**EXERCISE DETAILS**
Your task is to output the listing exactly, leaving every image out.

**DATA BLOCK**
*** Begin section ***
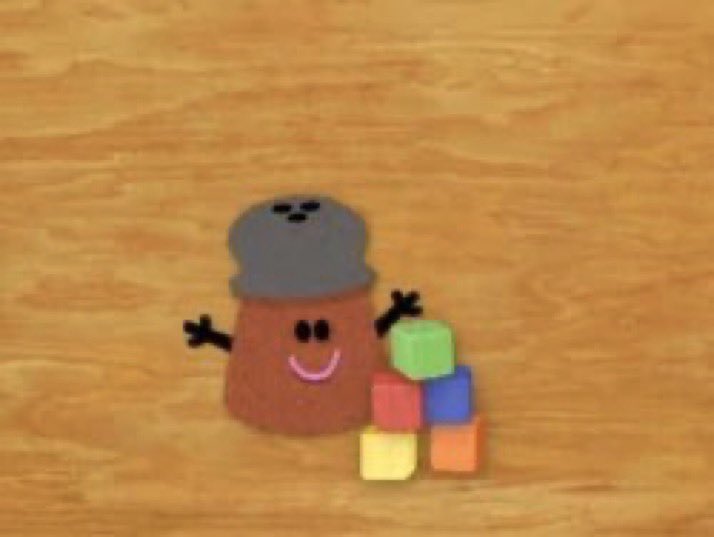 littleguysever's tweet photo. little guy alert!! here’s paprika from blues clues! little https://t.co/iF3OyioJCa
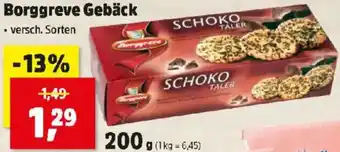 Thomas Philipps Borggreve Gebäck Angebot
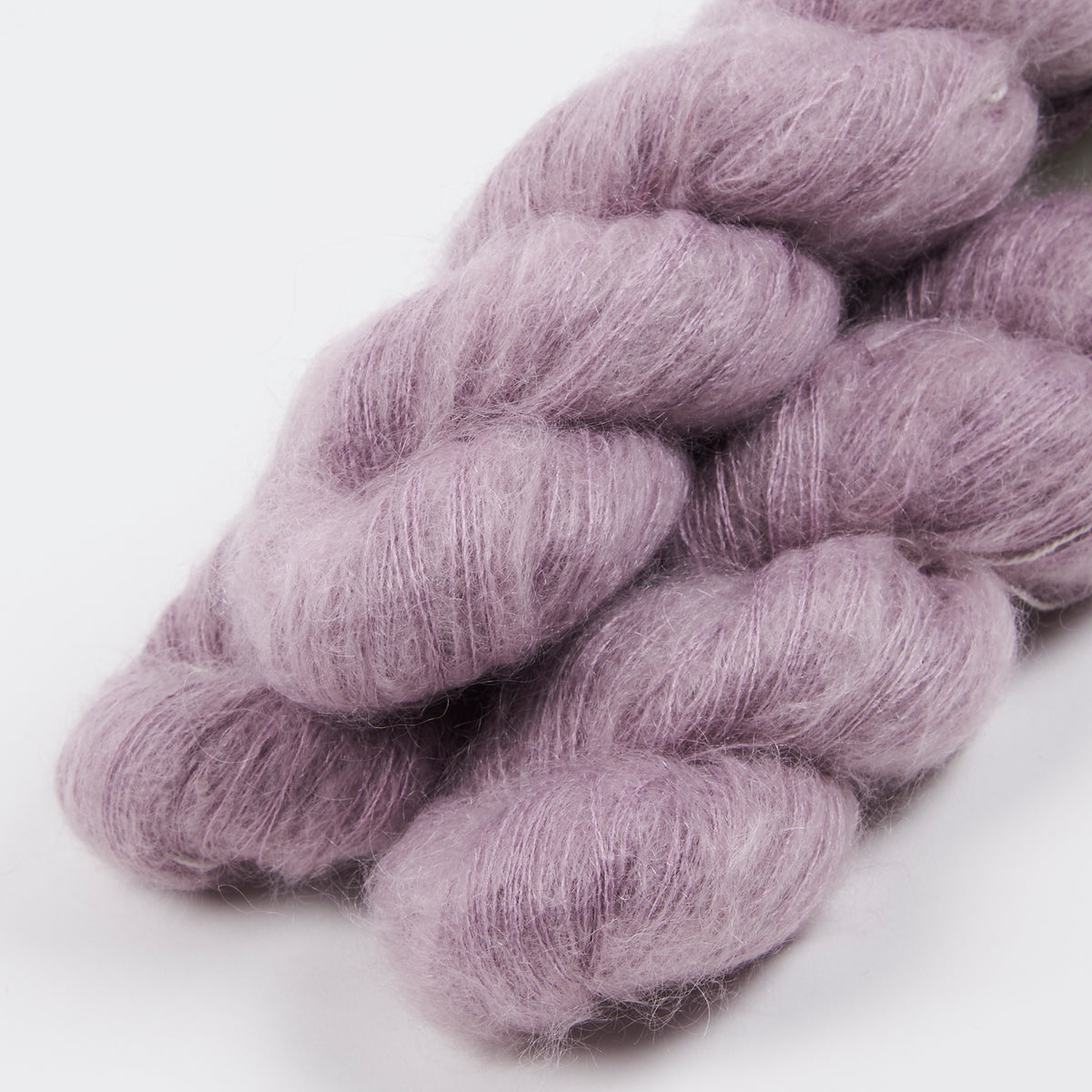 KID MOHAIR LACE - SECRET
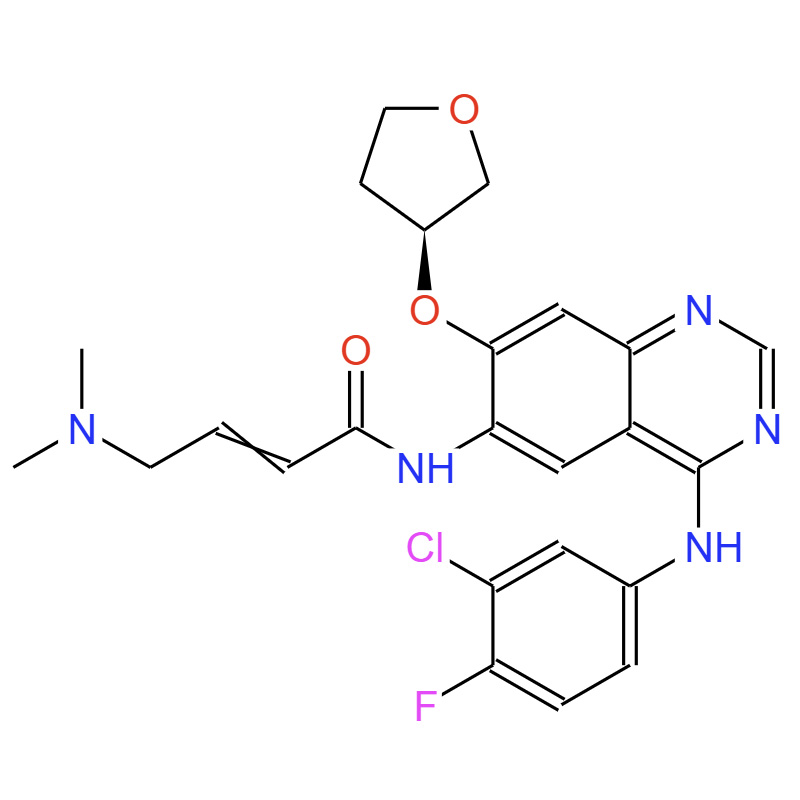 阿法替尼，439081-18-2，afatinib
*** End section ***
**RESULT**
 littleguysever's tweet photo. little guy alert!! here’s paprika from blues clues! little https://t.co/iF3OyioJCa
 Thomas Philipps Borggreve Gebäck Angebot
 KID MOHAIR LACE - SECRET
 阿法替尼，439081-18-2，afatinib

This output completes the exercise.